Of course, Ellacuría insisted that we should hold on to all the important achievements of our present historical moment: scientific research, which has improved various aspects of life; our ethical and cultural progress in human rights, and other ideological and cultural advances, such as certain elements of modern democracies. So ‘stop’ and ‘save’ do not mean ‘starting from scratch’ but do mean ‘starting again’ and ‘starting against’ the principles that govern our present wealth-civilisation.
For Ellacuría the evils needing to be overcome were obvious: poverty, worsening exploitation, the scandalous gap between rich and poor, ecological destruction, as well as the perversion of actual advances in democracy and the ideological manipulation of human rights … He spoke out repeatedly against dehumanisation, the degradation and prostitution of spirit, about which too little was, and still is, being said. We have only to recall his criticism in his Barcelona speech of ‘the dehumanisation of people who give up the struggle to become and be, for the sake of the all-out pursuit of producing and having, accumulating wealth, power and honour and an ever-increasing range of consumer goods (6)’. That is the specific dehumanisation produced by a capital-civilisation. It is very serious, and it is everywhere.

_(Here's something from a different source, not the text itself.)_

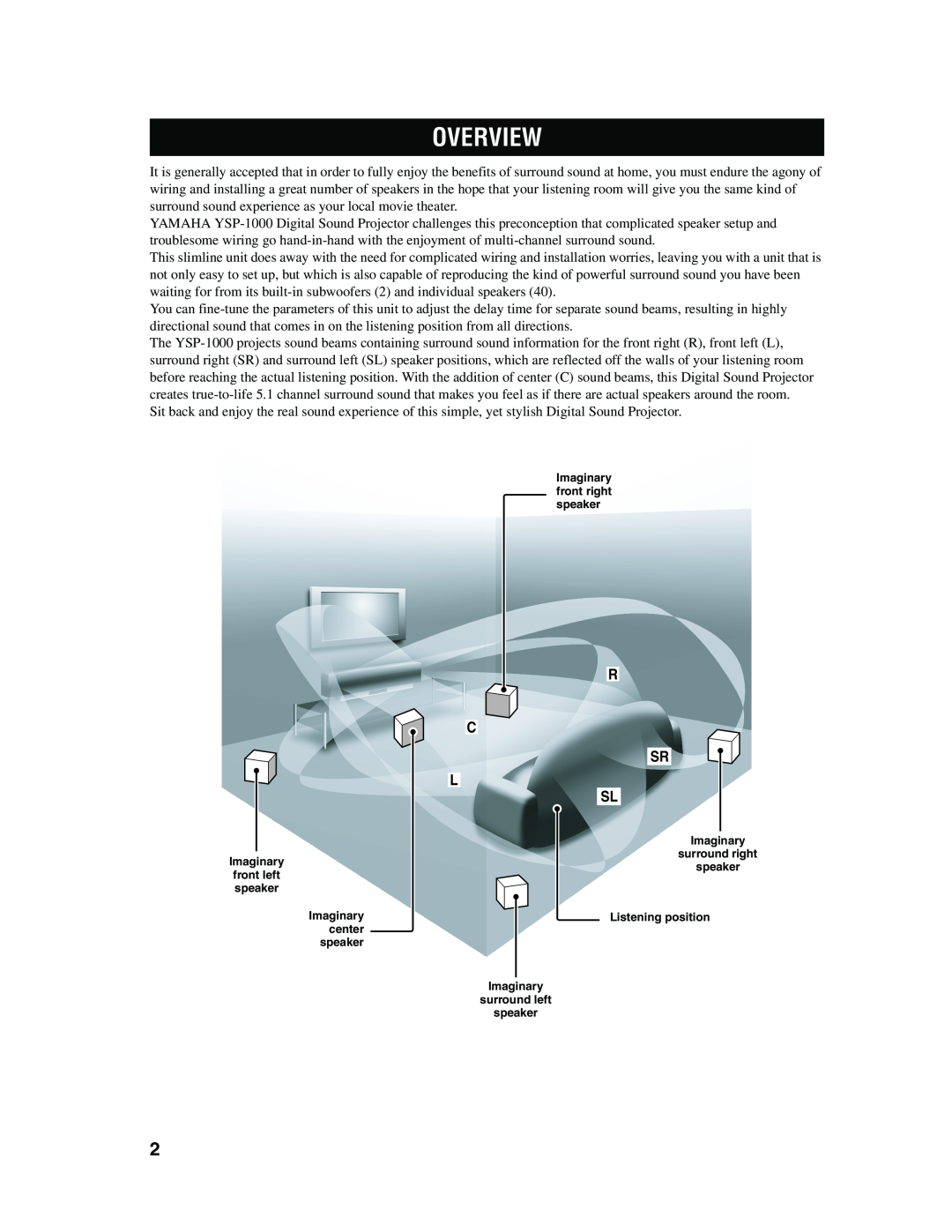 Yamaha YSP-1000 owner manual Overview, R C Sr L Sl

To overcome this wealth-civilisation and its evils, Ellacuria urges us to ‘raise collective awareness calling for radical changes … and to create economic, political and cultural models to allow capital- civilisation to be replaced by a work-civilisation (7)’. Both these tasks are necessary and both very difficult indeed. To make them happen, he urgently recommends utopian vision and hope ‘with all the poor and oppressed people in the world(8).’ That gives us the central theme of this essay: in order to heal a civilisation that is very sick, we need, in some form, the input of the poor and the victims.
NOTES
A Preferential Option for the Poor became an accepted part of ecclesiastical jargon and policy in the 1980s. This was largely due to the two conferences of Latin American bishops at Medellin in 1968 and Puebla in 1979 which profoundly influenced the universal Church. The first, though it did not use the expression, recognised that ‘a deafening cry pours from the throats of millions of men, asking their pastors for a liberation that reaches them from nowhere else’ (14.2). From this came the commitment ‘to make ours their problems and their struggles’ (14.10). The second declared formally the need ‘for conversion on the part of the whole Church to a preferential option for the poor, an option aimed at their integral liberation’ (11.34).